Авангард не чуждается насилия; он не уговаривает, не пропагандирует, не просвещает, это — само действие и оно как правило намеренно опровергает нормативность, корректность и толерантность доминирующей системы культуры. Именно поэтому искусство авангардистов до 1918 года и после обозначают два различных состояния культуры, однако это вовсе не означает, что всё искусство после революции утрачивает авангардистское содержание и пассионарность. Оно ведёт себя, как власть, представляет себя властью, играет во власть и, может быть, даже играет с властью, но властью не является. Складывается впечатление, что искусство авангарда в любой редакции в России всегда остаётся акратическим, то есть, вневластным языком, и размышляя об авангарде необходимо чувствовать грань, на которой язык искусства из маргинального и акратического переходит в состояние, когда он претендует на то, чтобы быть языком оформления государства и власти, когда он начинает вести себя, как закон, хотя ещё вчера упивался тем, что он — преступление.
Ещё один интереснейший вопрос — имеем ли мы основания говорить об авангарде в Европе и если да, то что такое европейский авангард и авангардизм и в чём отличие между русской и европейской версиями авангарда?

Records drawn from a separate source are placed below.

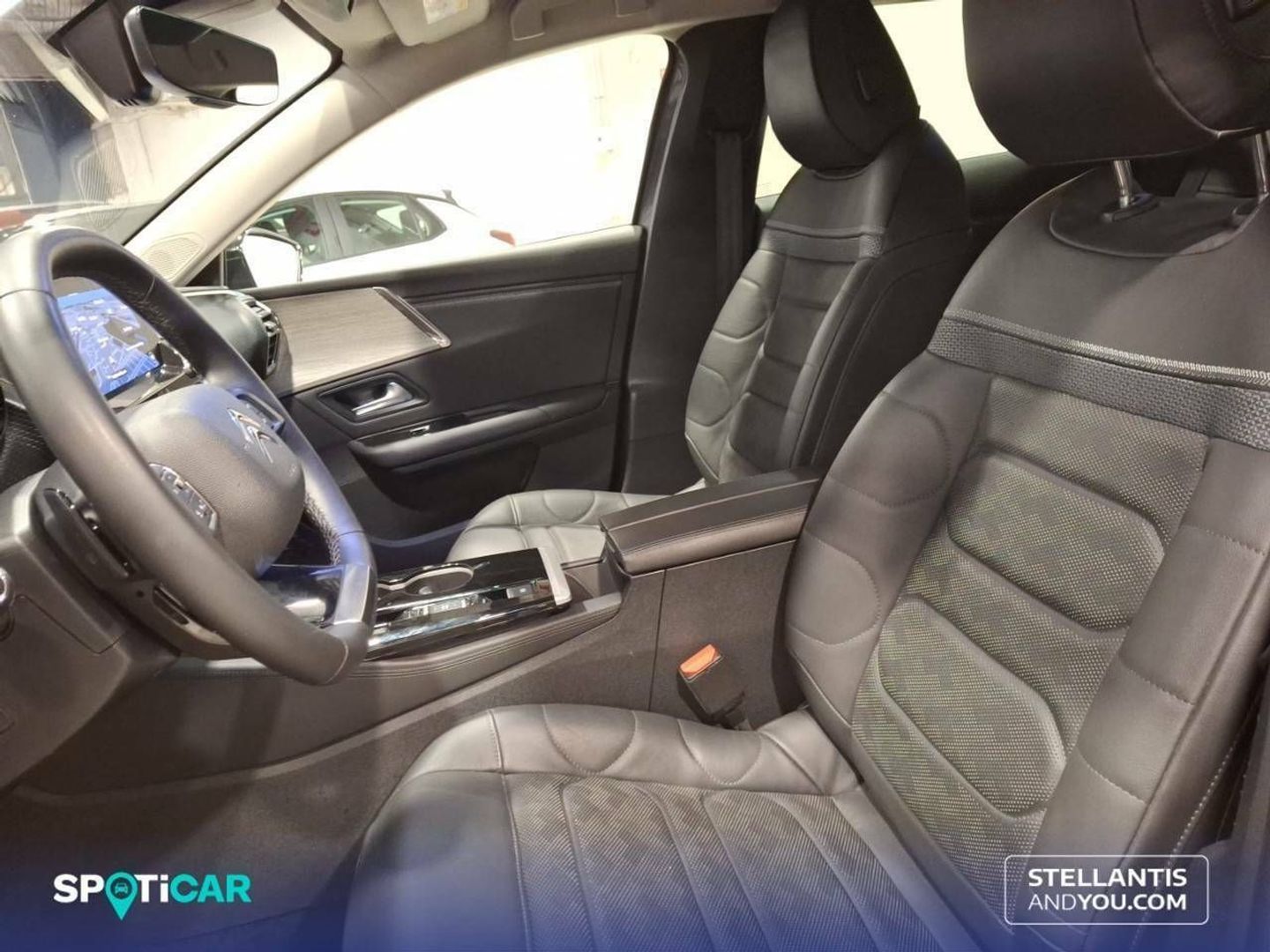 Citroen C5 X Hybrid 225 Shine e-EAT8 165 kW (225 CV)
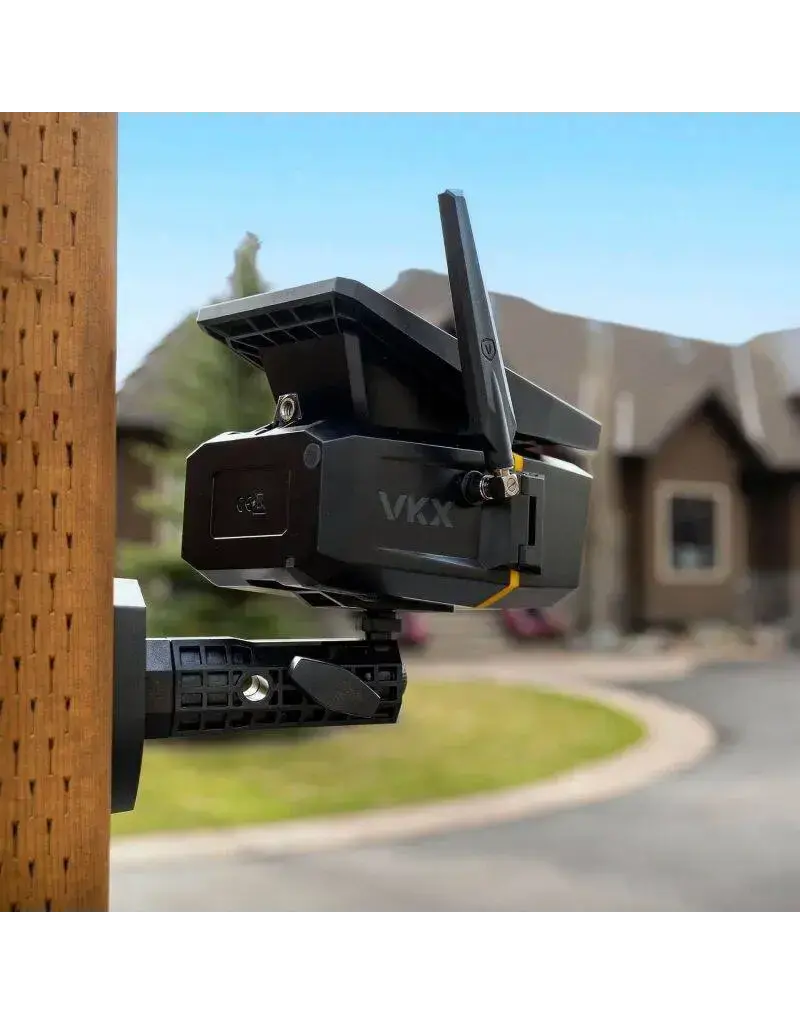 Vosker Caméra de Surveillance VKX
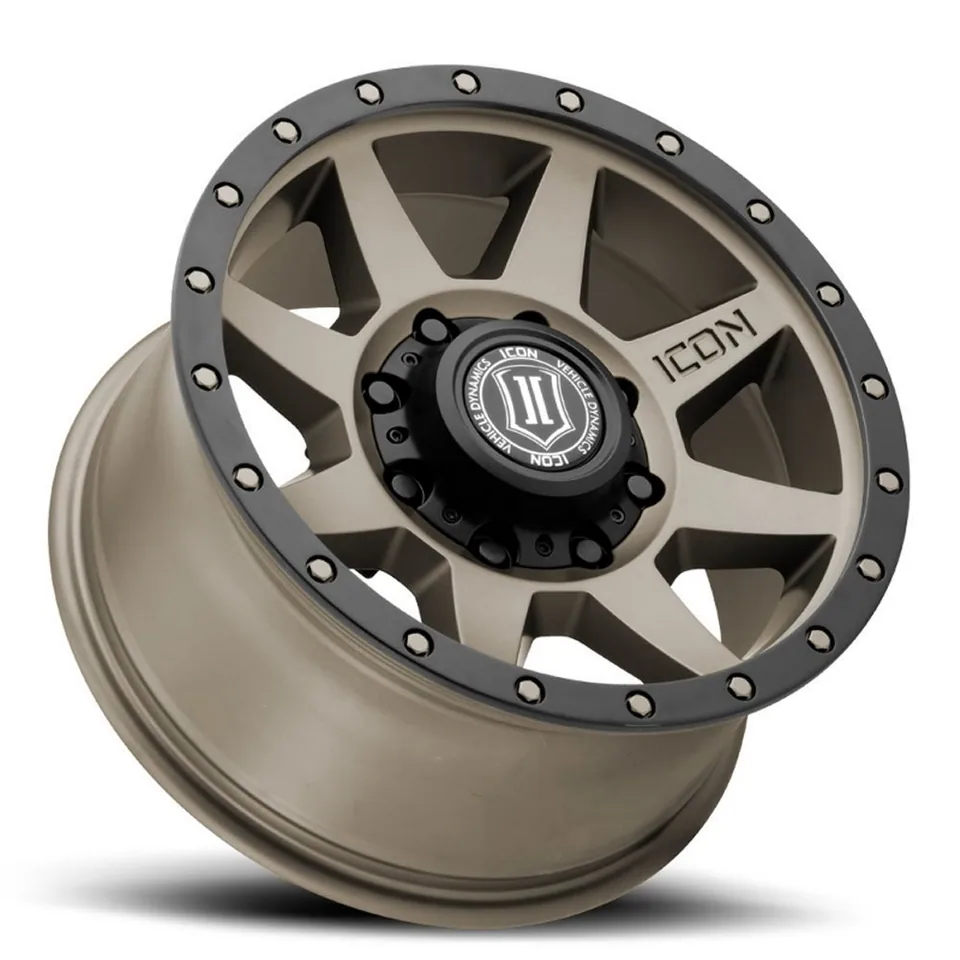 ICON Rebound HD Bronze 2 of 3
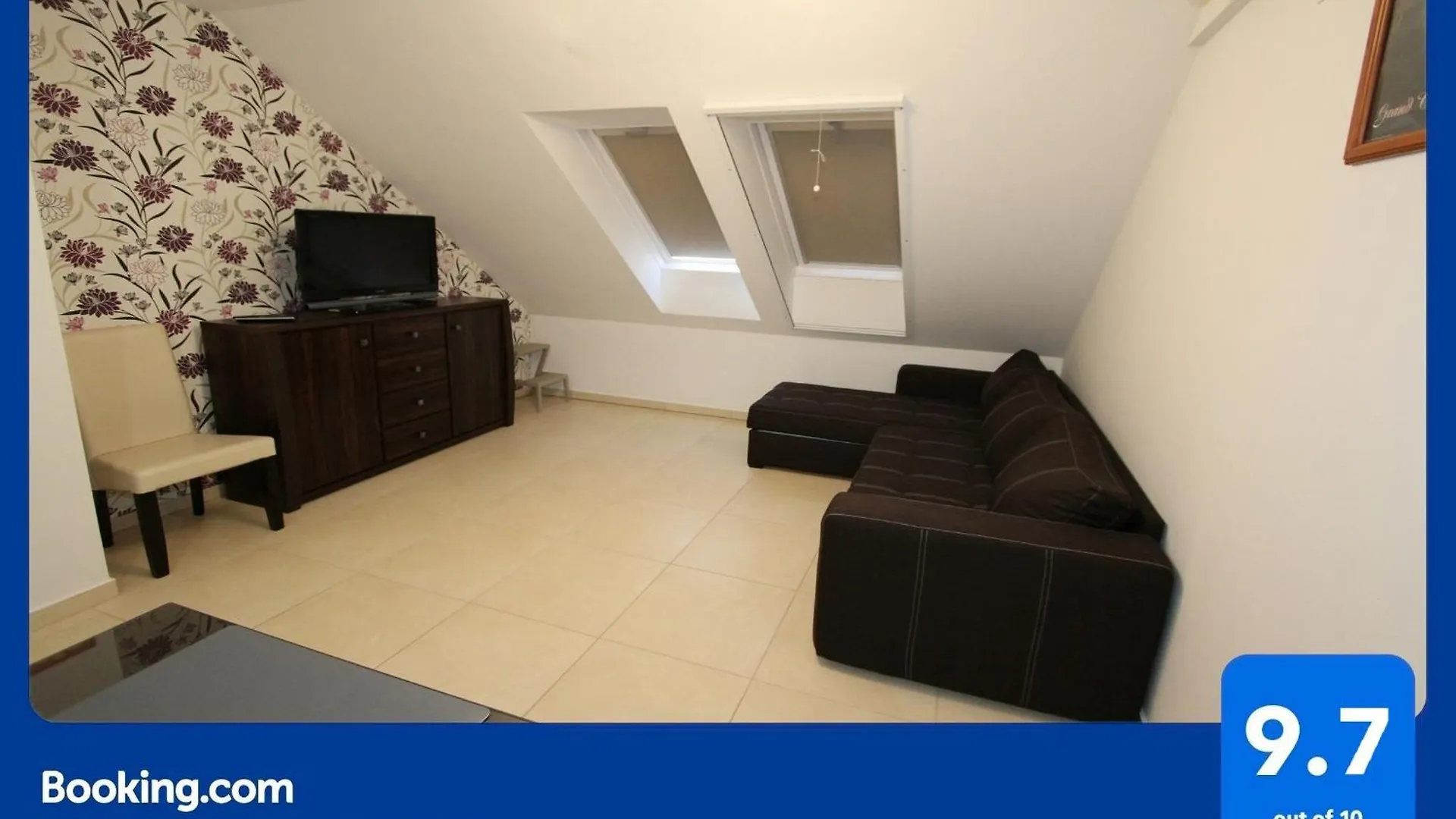 Blonde River Apartman Sőtér Szeged Ungheria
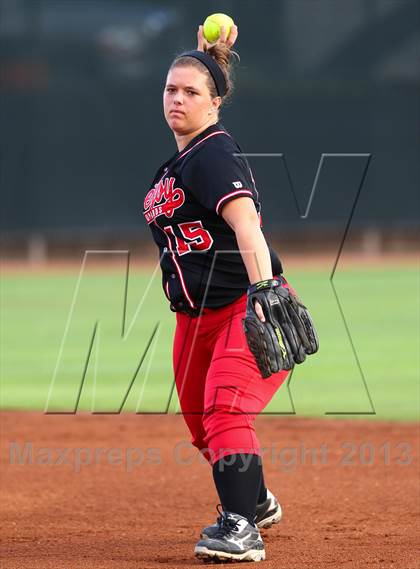Thumbnail 2 in Lovejoy vs Foster (UIL 4A Semifinal)  photogallery.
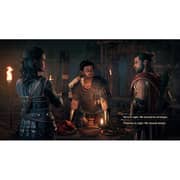 PS4 Assassins Creed Odyssey Game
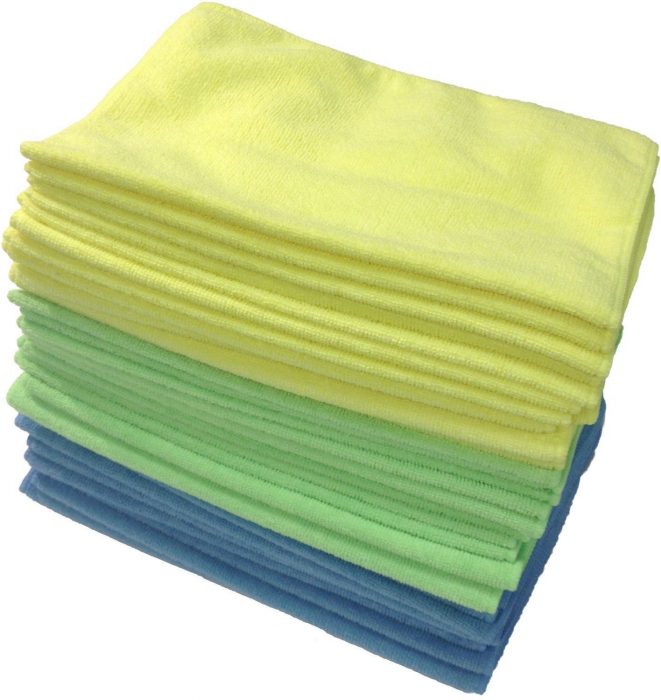 Zwipes Microfiber Cleaning Cloths (36-Pack) Only $17.88!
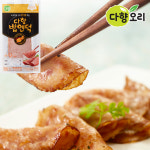 다향오리 밥에 싸먹는 밥엔덕 슬라이스 85g 10팩 : 청년식품관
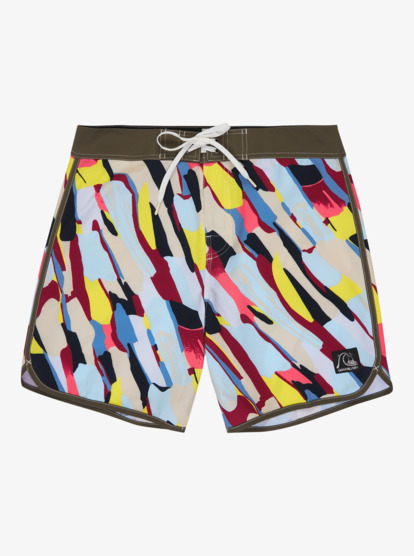Original Scallop 18" - Board Shorts for Men  EQYBS04880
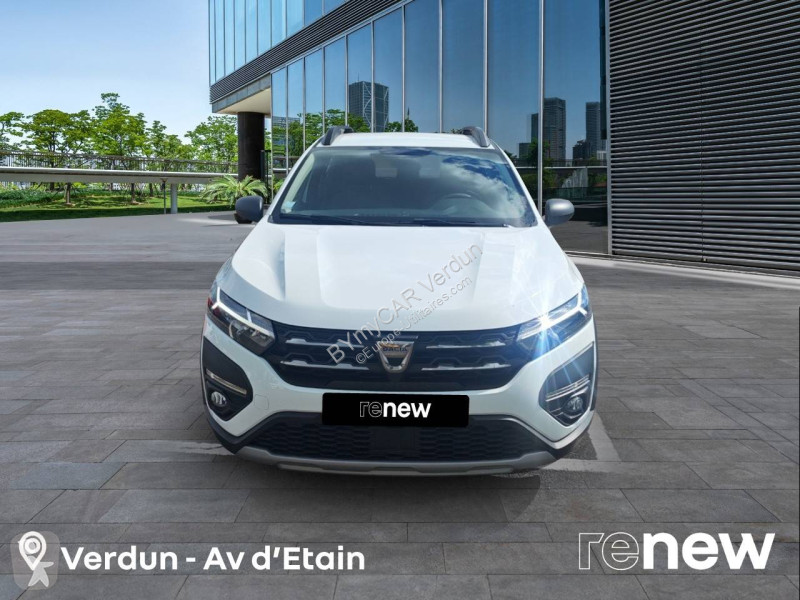 Varevogn Dacia Sandero TCe 90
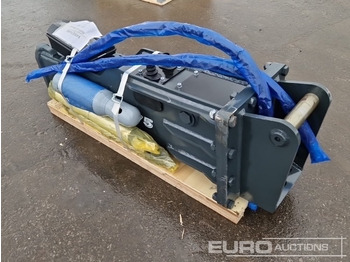 Martillo hidráulico HEROE 75: foto 2 Martillo hidráulico HEROE 75: foto 2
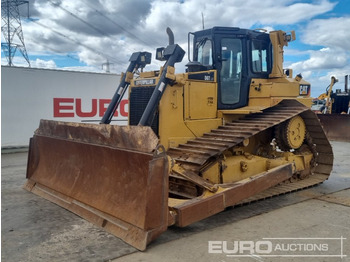 Бульдозер CATERPILLAR D6T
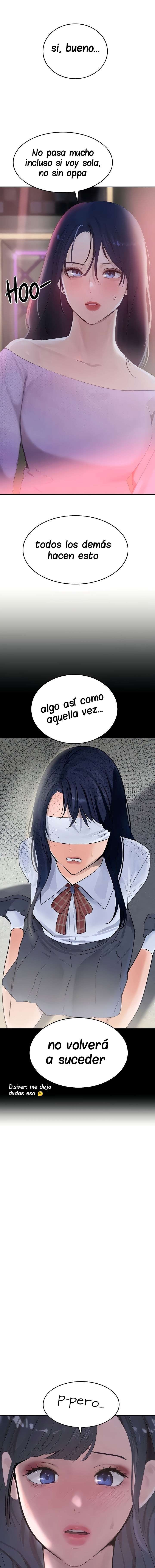 La hija del jefe Capítulo 20 - Página 8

Можем ли мы мы предположить, что авангардизм в искусстве западной Европы связан с осознанием предельных (пограничных) состояний живописи как языка европейской культуры (Василий Кандинский) и постепенным уходом искусства из пространства языка ж и в о п и с и (Марсель Дюшан)? Можем ли мы связывать с авангардом какие бы то ни было радикальные события в языке искусства, пока они не становятся проектом таких же радикальных перемен в социальной системе организации человеческой жизни? Можем ли мы не осознавать того, что какими бы провокационными и эпатирующими ни были открытия французских художников после импрессионизма, они касались эстетической нормативности, пределов открытости и готовности современников к формам высказываний художников, но не оспаривали границ и пределов своего социального бытования? Они безусловно были связаны с ощущением и пониманием ценности действительной свободы художественного высказывания, внутренним требованием свободы языка современного искусства как правды и права, правды времени и своего личного права, но это ожидание не было связано с изменением социально-культурного бытования и функционирования искусства; в некоторой степени эти открытия связаны с последовательной демократизацией культуры, но это намерение очень далеко от революционизирующей тенденции русского авангарда 1910-х годов.